- _YOUR GOAL_: Search the listing below for the word "estómago", and copy every line in which it turns up.

- _EXCERPTED DATA_:
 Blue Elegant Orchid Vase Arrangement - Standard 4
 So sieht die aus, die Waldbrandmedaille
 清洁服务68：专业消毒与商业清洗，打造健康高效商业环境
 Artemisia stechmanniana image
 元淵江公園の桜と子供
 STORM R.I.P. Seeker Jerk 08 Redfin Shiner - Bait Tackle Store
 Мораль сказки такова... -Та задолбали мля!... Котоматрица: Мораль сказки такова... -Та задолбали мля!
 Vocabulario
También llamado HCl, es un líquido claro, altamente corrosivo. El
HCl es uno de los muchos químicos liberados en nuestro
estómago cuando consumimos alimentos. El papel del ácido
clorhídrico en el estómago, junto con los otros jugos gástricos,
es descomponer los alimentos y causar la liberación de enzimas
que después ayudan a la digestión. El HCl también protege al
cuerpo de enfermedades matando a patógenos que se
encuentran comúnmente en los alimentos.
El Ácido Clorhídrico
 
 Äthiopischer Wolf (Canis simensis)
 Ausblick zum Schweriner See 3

* * *

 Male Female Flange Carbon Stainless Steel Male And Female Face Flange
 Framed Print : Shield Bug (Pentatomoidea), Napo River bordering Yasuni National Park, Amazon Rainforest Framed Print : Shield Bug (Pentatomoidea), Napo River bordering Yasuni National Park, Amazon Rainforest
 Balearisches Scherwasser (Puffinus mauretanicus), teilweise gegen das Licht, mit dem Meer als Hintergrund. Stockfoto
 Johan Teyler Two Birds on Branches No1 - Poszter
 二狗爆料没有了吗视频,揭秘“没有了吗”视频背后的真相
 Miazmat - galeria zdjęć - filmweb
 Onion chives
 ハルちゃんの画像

* * *

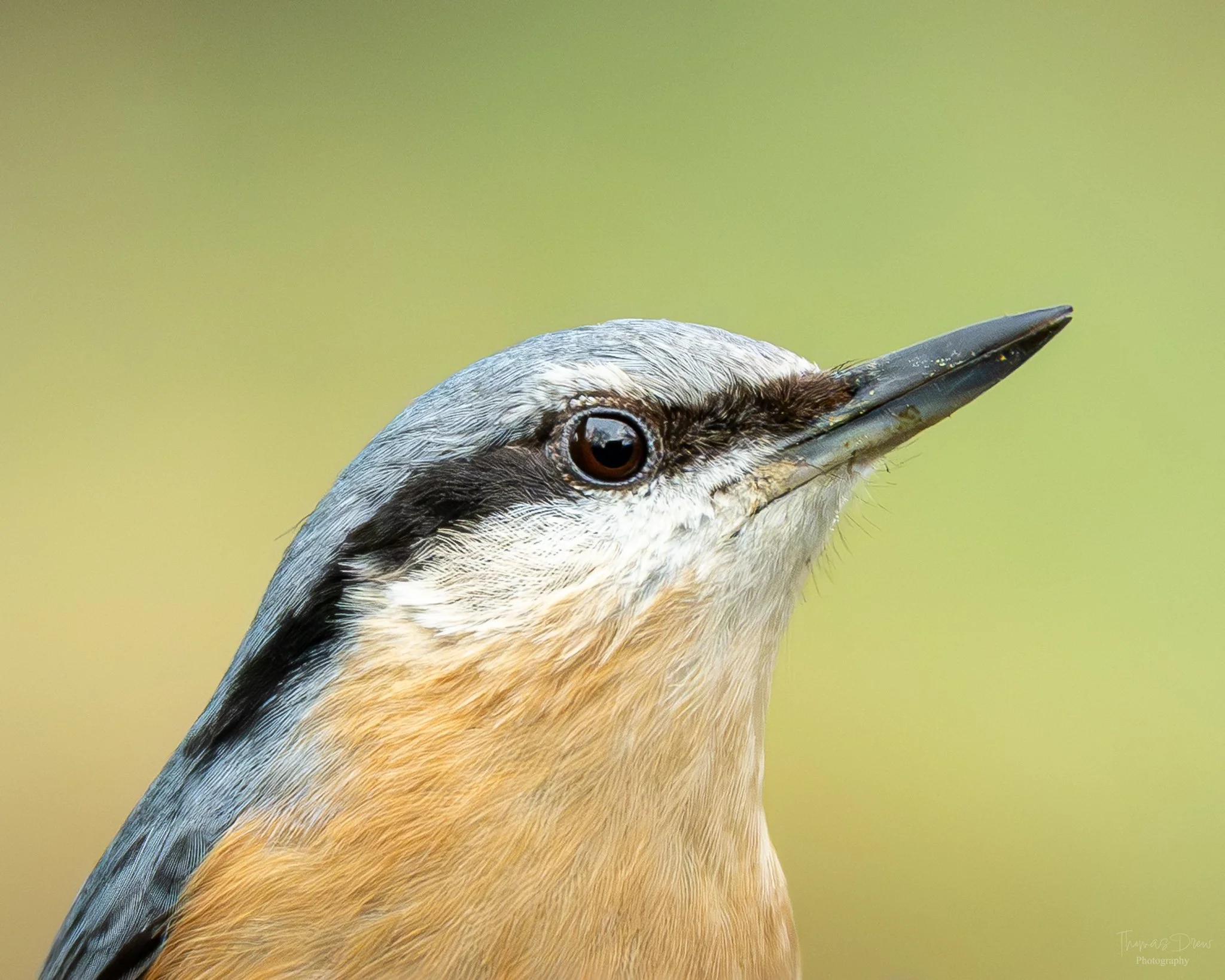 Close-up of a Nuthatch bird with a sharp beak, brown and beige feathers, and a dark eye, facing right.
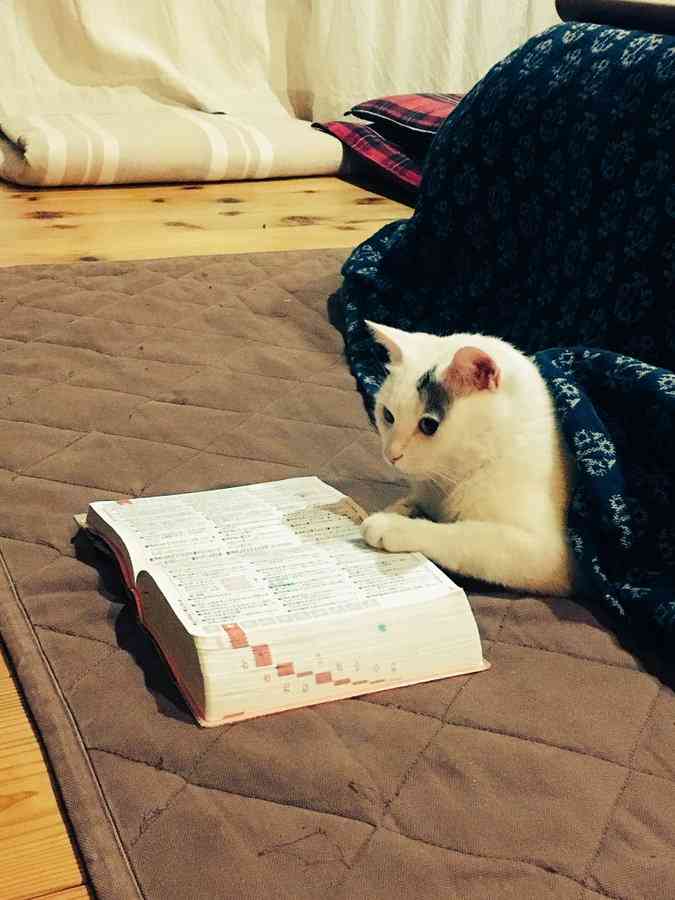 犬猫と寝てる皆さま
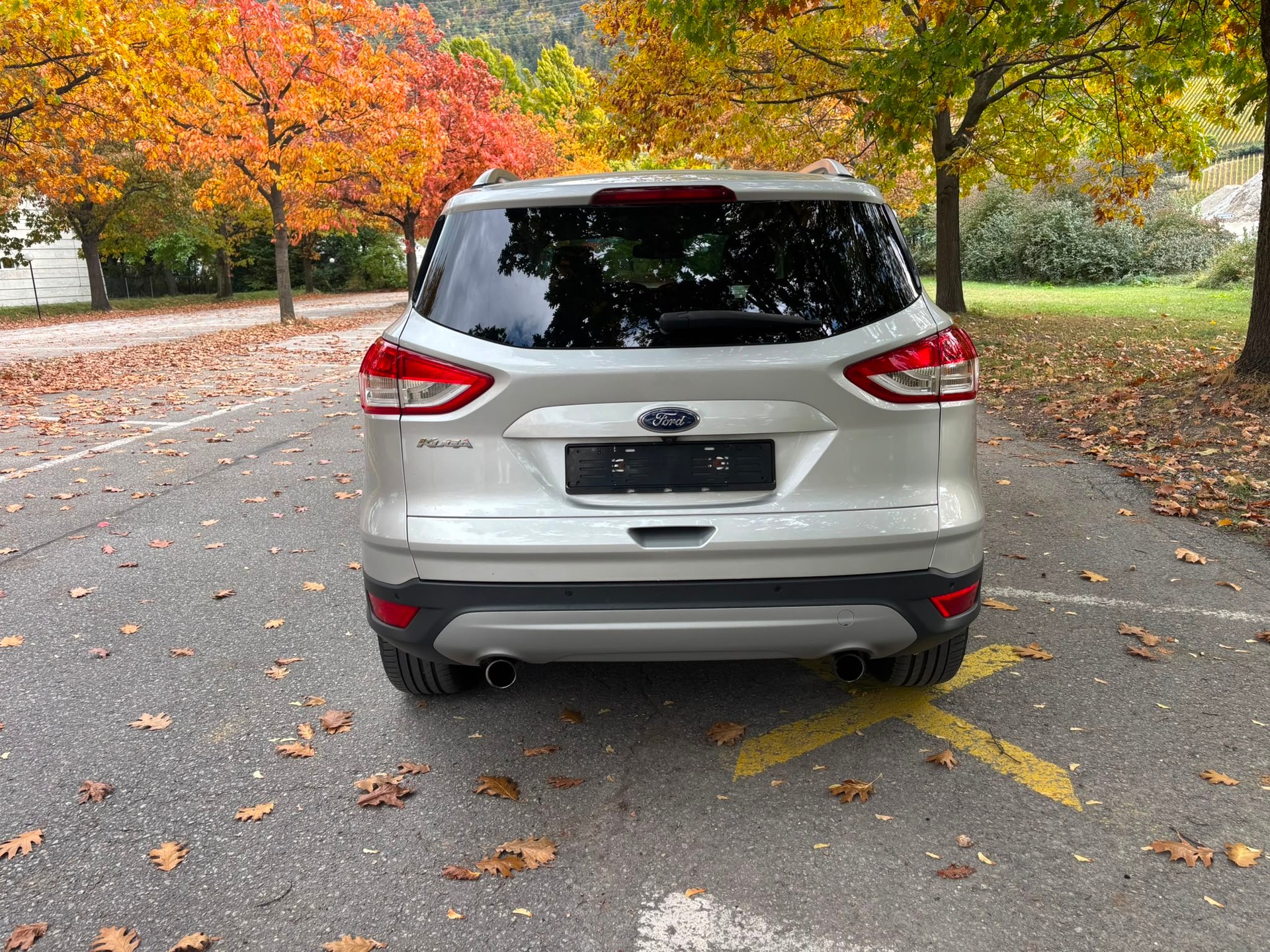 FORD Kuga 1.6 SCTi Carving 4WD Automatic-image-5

- _SOLUTION BELOW_:
estómago cuando consumimos alimentos. El papel del ácido
clorhídrico en el estómago, junto con los otros jugos gástricos,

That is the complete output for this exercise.